** Opening Task input block **
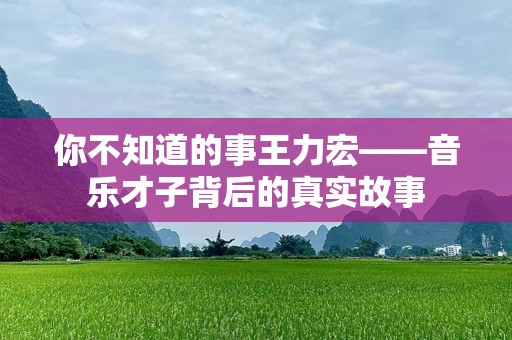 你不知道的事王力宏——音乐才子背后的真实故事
** Closing Task input block **
** Opening Task input block **
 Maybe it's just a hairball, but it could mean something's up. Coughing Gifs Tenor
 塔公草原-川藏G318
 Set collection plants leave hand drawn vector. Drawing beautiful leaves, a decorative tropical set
** Closing Task input block **
• _Aim of the exercise_: When the line with "塔公草原-川藏G318" is reached in the data above, begin copying, and stop after the line with "Set collection plants"; copy each line exactly, both ends included.

• _Exercise solution_:
 塔公草原-川藏G318
 Set collection plants leave hand drawn vector. Drawing beautiful leaves, a decorative tropical set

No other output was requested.